On December 23 last year, Citigroup
lodged an appeal against a decision that had been handed down on November 26.
This decision had gone against the bank, which had appealed against a previous
decision to dismiss an earlier claim and compelled arbitration between it and the
Abu Dhabi Investment Authority (ADIA).
Citi had lodged the appeal to the United States Courts of Appeals
for the Second Circuit, according to publically available documents. There has
been no published indication as to whether this appeal has been granted.
The case has now entered its sixth year, and for the last
two years has seen the two parties locked in an appeal and counter-appeal dogfight.
ADIA initially claimed in late 2009 that its November 2007
investment of $7.5 billion into Citigroup was based on fraudulent statements by
the US bank. At the time, Citigroup battled record losses tied to subprime
mortgages. If the investment was unable to be canceled, the Abu Dhabi fund said
it would seek $4 billion in damages. Meanwhile, the bank had asserted that the
suit lacked merit, promising to "vigorously" defend itself.
Several attempts at arbitration since 2009 have seen
independent specialists brought on board to try and settle the argument between
the two parties.
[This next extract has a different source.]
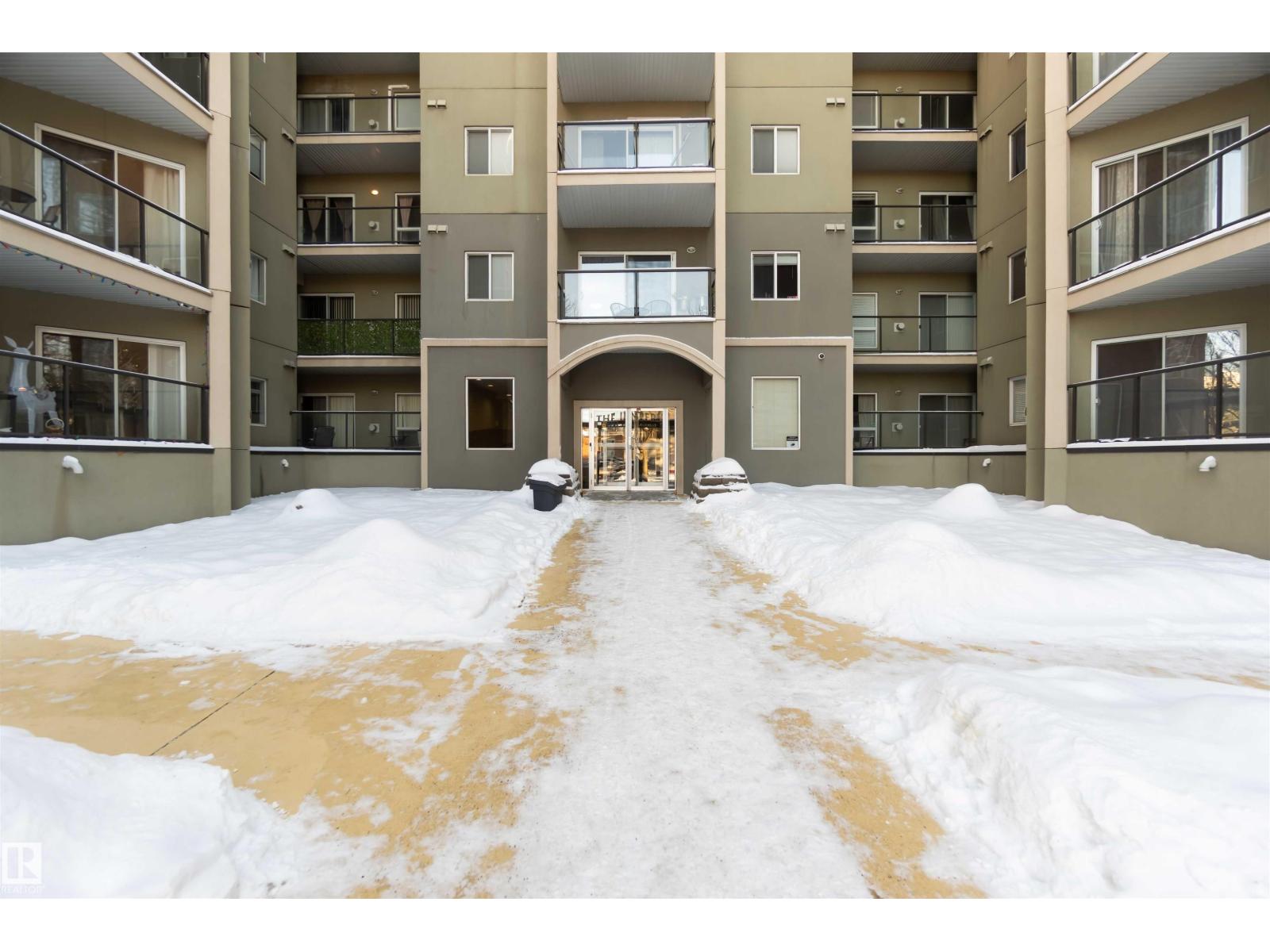 #509 10235 112 St Nw, Edmonton, Alberta T5K 1M7 - Photo 38 - E4469022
However, much of these events have seen more information coming
to light and led to even more financial damage being claimed by the sovereign
At different points, each
side had thought to be been successful
in its claims, only to be thwarted by the other side with an appeal.
In 2013 alone, some 46 separate incidents—with swathes of
legal documentation attached—were lodged with the US courts by the two parties,
with no apparent closure possible.
The case continues.
Spokespeople from Citi and ADIA declined to comment.